#### [What the exercise asks]
Please output only the lines running from the one that contains "a bathroom with" through the last line of the data below, exactly as they stand, with no pictures.

#### [Supplied data]

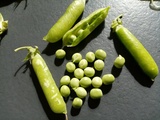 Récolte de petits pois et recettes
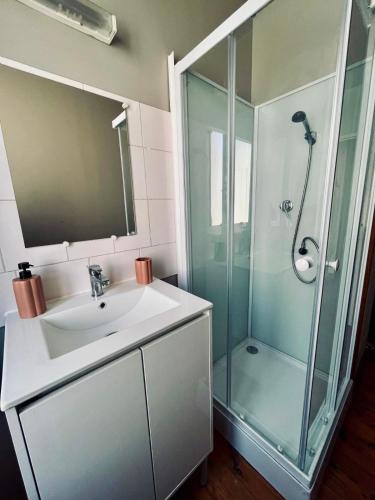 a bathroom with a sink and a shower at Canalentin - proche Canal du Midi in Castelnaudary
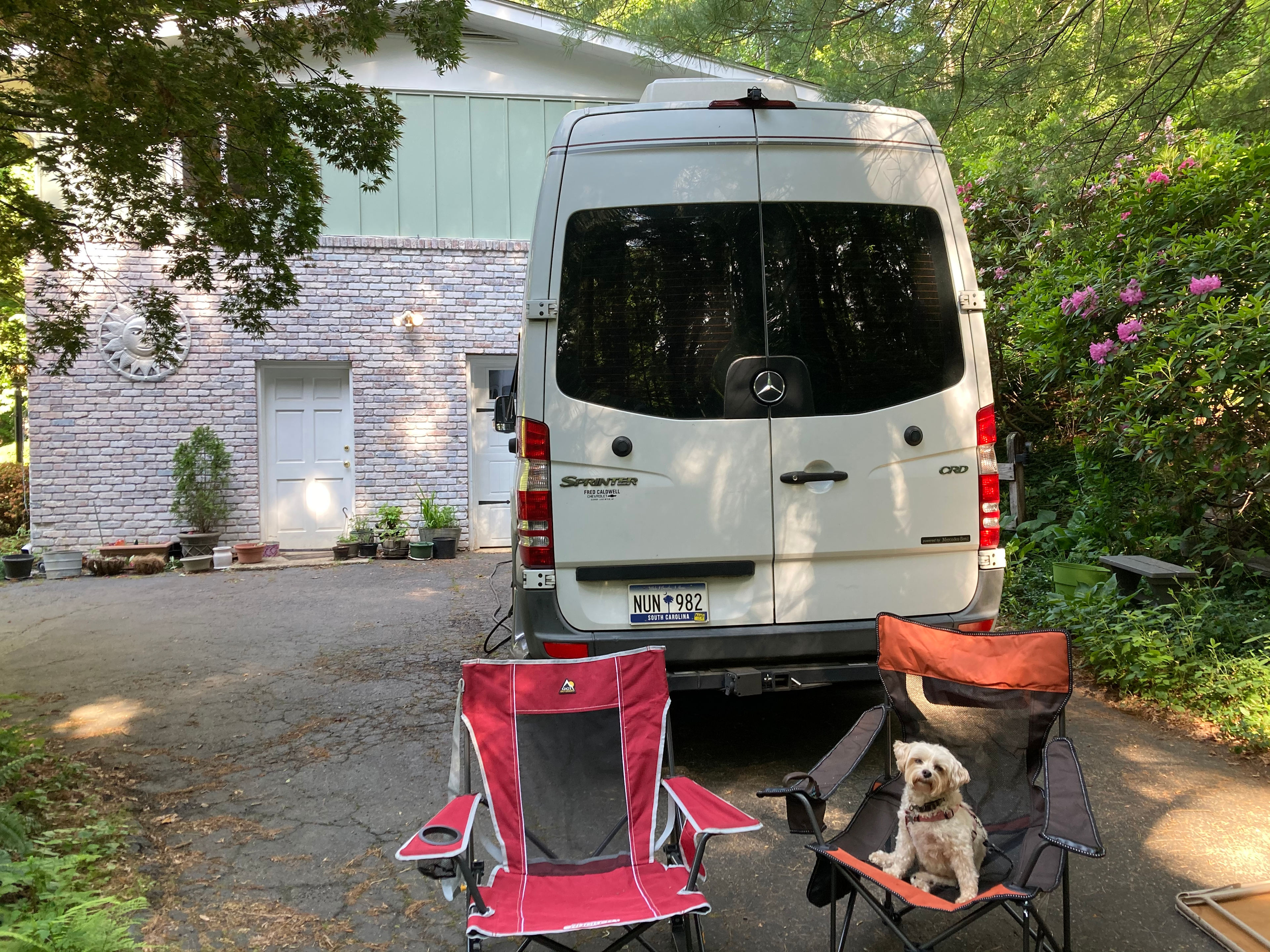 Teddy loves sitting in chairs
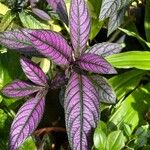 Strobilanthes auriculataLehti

#### [Response box]
 a bathroom with a sink and a shower at Canalentin - proche Canal du Midi in Castelnaudary
 Teddy loves sitting in chairs
 Strobilanthes auriculataLehti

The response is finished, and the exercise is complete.